勿論アレックスにそんな気は毛頭無い。ここでクライが負けを宣言しさえすれば、あとは全員のクビを飛ばして追放する気でいる。
対してクライは目に光を浮かべ、アレックスに相対する。アレックスの目をはっきりと見据え、腐った性根に叩き付けるように言霊を発する。
「――――――俺の部下を嘗めるなよ。部下を信頼できない上司がどこにいる。アイツらが抗うことを止め、負けを認めない限り――――――俺は敗北など断じて受け入れない。」
それは、明らかな拒絶の言葉であった。自らの保身など一ミリも考えない、アレックスに対する宣戦布告であった。
その言葉を聞いたアレックスは顔を歪めるも、自身の優位性から感情を完璧に制御する。詰まるところ、『慢心』『愉悦』と言った感情が彼を支えていたのだ。

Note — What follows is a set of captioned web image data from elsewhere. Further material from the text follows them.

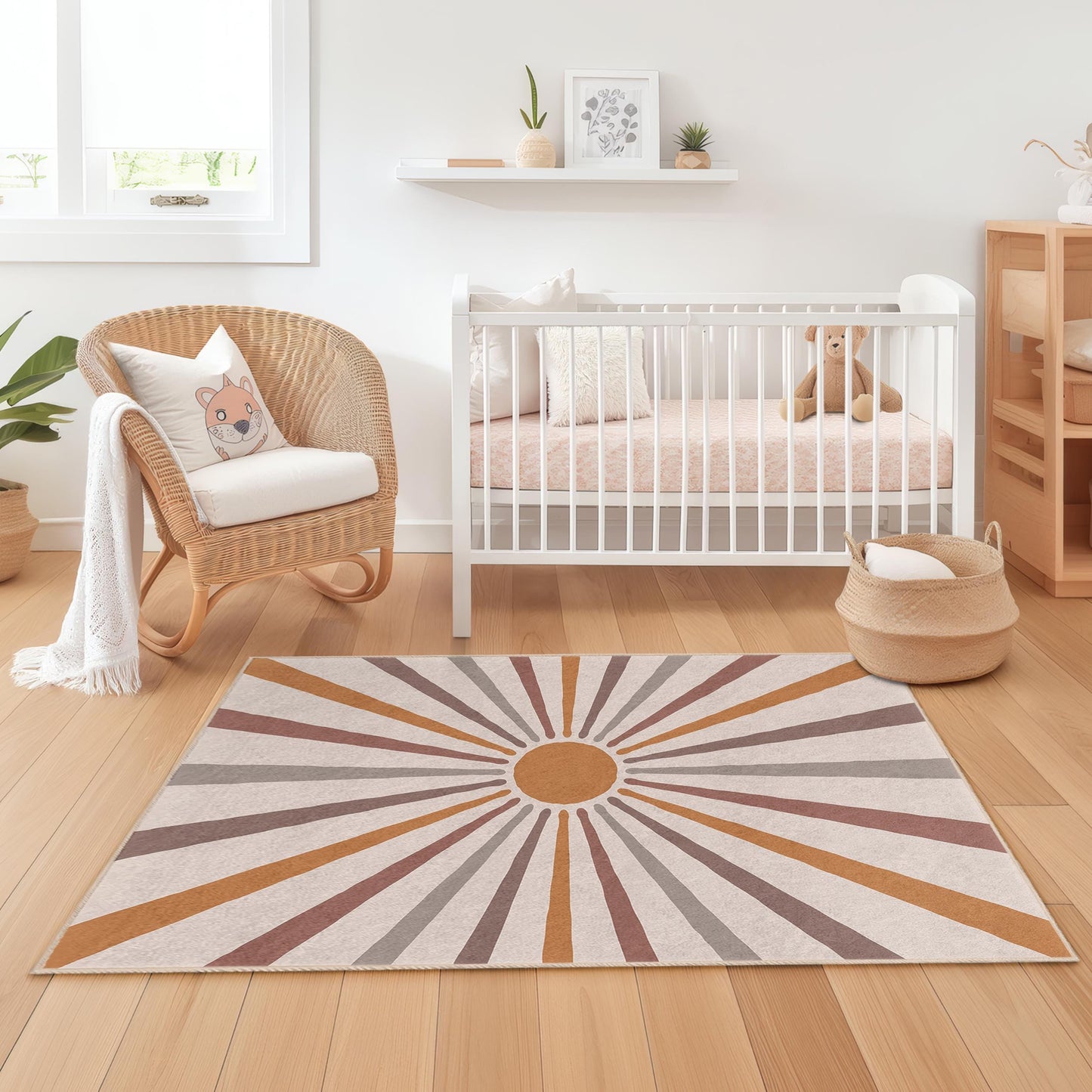 Retro Sunburst Pattern Kids Rectangular Rug, Colorful Nursery Carpet, Modern Playroom Decor, Soft Children's Room Area Mat, Kids Room Rug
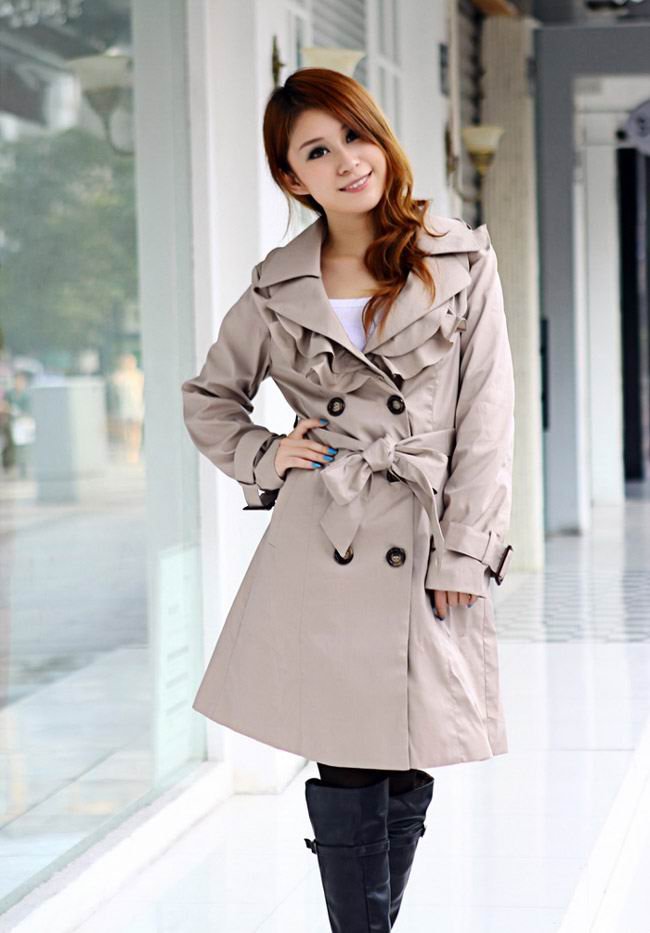 Free shipping 2013 new fashion trench coat for women, Khaki/Black/Beige colors, size M, L, XL, XXL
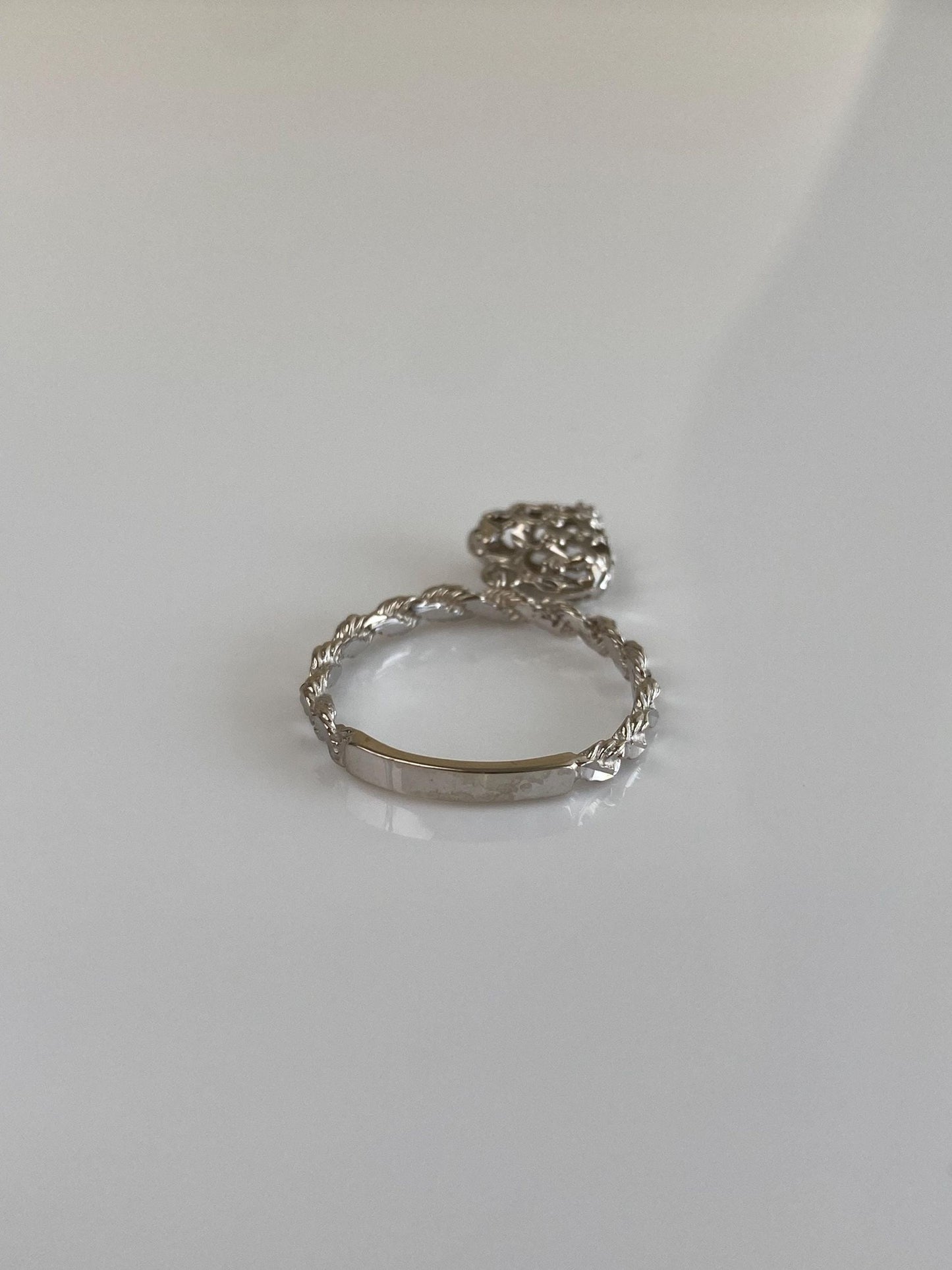 Vintage Solid 14k White Gold Diamond Cut Heart Charm Ring - Size 7.5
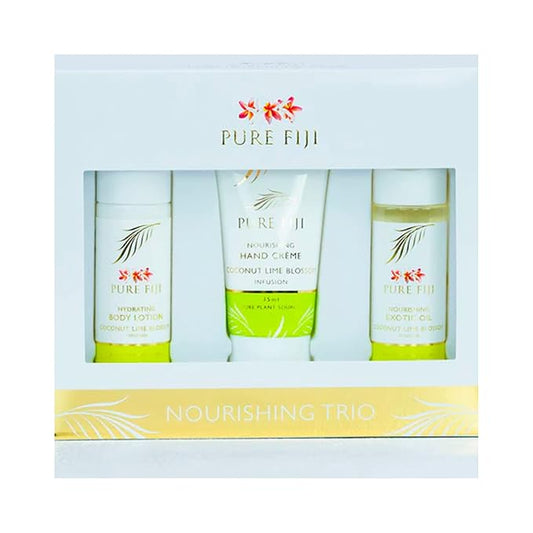 Pure Fiji Nourishing Trio, Ideal Spa Bath Gift Set for Women - Travel Kit - Includes Exotic Body Oil , Hydrating Body Lotion For Women and Nourishing Hand Cream, Coconut Lime Blossom Scent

「そうか。それは残念だ。ならば今ここに、お前らは明日敗北し、全てを奪われる未来が確定した。精々今から『言い訳』を考えておけよ。」
「足掻き続ける限り、未来は確定なんざしねえ。あと二日、俺達は最大限抗ってみせる。」
圧倒的劣勢。圧倒的窮地。されど英雄の心は折れず。